This is something that I decided to write about today in my morning pages. It’s a really good question – How and why did I become a Life Coach?
I wan’t actively looking to become a life coach when it happened. I stumbled across a podcast called The Life Coach School and started binge listening to lots and lots of episodes every time I had a solo photo assignment. Everything that Brooke Castillo was saying resonated with me.
The podcast really started to get me thinking about all sorts of things.
First, I started to self reflect in the most positive way. I started to dive in deep to some long held beliefs that I had, many since childhood, that had affected the trajectory of my life and how I viewed myself.
I also learned that life is exactly as it was meant to be. There’s no beating ourselves up for where are now because without all the past experiences in our lives we would not be right here at this moment ready for the next chapter.
And I also began to understand that it is impossible to be happy all the time. Life is a balance of 50/50. When it is good it is great and when it isn’t it’s not. But that’s all ok.

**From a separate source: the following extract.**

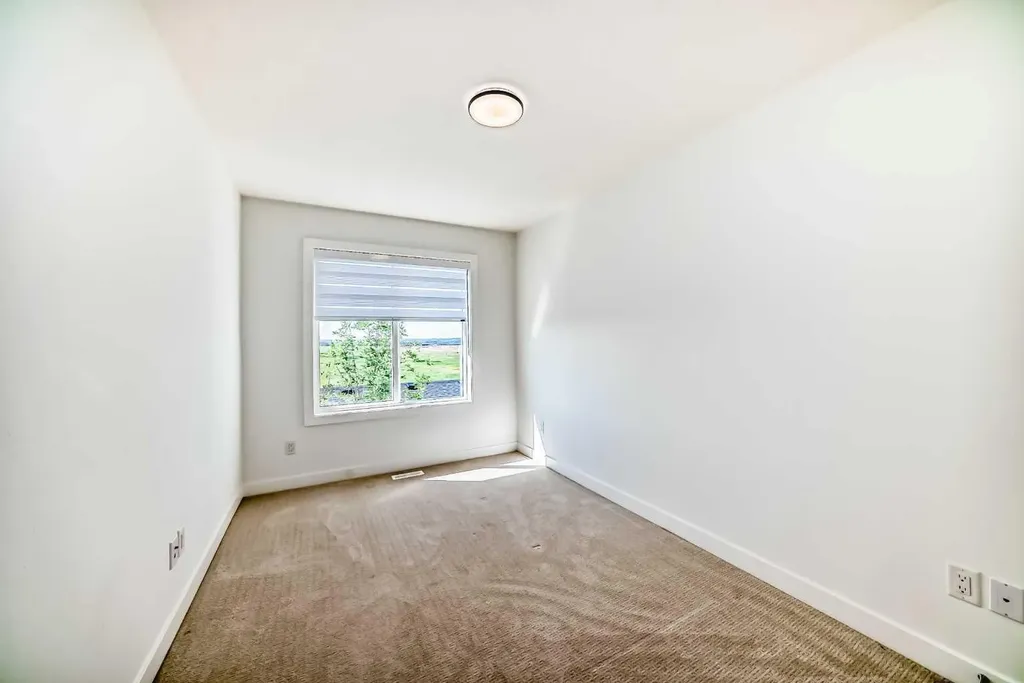 7403 202 Avenue SE Calgary AB T3S 0E8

I learned about the model. I learned about buffering, emotional childhood, the manual I have for the people in my life (that by the way I can’t control, so I realized that having all these rules about what people should and shouldn’t be doing was moot), accepting that I can control exactly one person in this world and that is me and only me.
The deep dive opened my eyes to how powerful our thoughts are and the role the two parts of our brains play in the outcomes in our lives.

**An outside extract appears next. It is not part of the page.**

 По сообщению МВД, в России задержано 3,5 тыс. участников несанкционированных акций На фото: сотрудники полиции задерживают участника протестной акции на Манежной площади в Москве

This podcast found me right after I had watched my mother die at the end of an unfulfilled life. Hearing a lot about our thoughts and our brain really resonated with what I had watched with my mom.
This thought I had after her death that was something like – ‘I don’t want this to happen to me or any other woman’. Ever.
I kept thinking, wow, we are given this one chance at life and why do so many people squander it? I was struggling to wrap my head around not being in control of your own life. She let life happen to her. Why do so many let this happen?
Trust me, I am not at all trying to oversimplify depression and mental illness, all of which is very prevalent in my family. BUT I do believe there are turning points in all of our lives where we can accept our fate or draw a line in the sand and say no more, I control my life, the circumstances of my life do not.
Using the example of my mother is easy for me because I watched the trajectory for the last 50 years. I saw the turning points in her life. I witnessed when she could have made different choices or changed her thought process about specific situations and she did not. I watched her become more depressed. And I get it, as the years went on, she became more and more beaten down because of her choices and her thoughts about them.
This flamed a desire in me to understand more about how the mind works.
Why do we hang onto beliefs that are old and don’t serve us? Why do we coast through life, rinsing and repeating, day after day, week after week, year after year?
How could I learn from my mother? How could I be different? How could I do my best to become an example of what is possible? To create a path that I could share with others?
Becoming a life coach taught me how much I control within my own life. I am the one who decides how I want to view a situation, how I want to interpret something that happened to me, what I have held onto for years that were my versions, thoughts I told myself.
This is about moving forward, not dwelling in the past. Accepting life as it happened and deciding to make a conscious effort to make the thoughts we have become the beacon for what the future holds.
I could not be more excited to be on this life journey with you.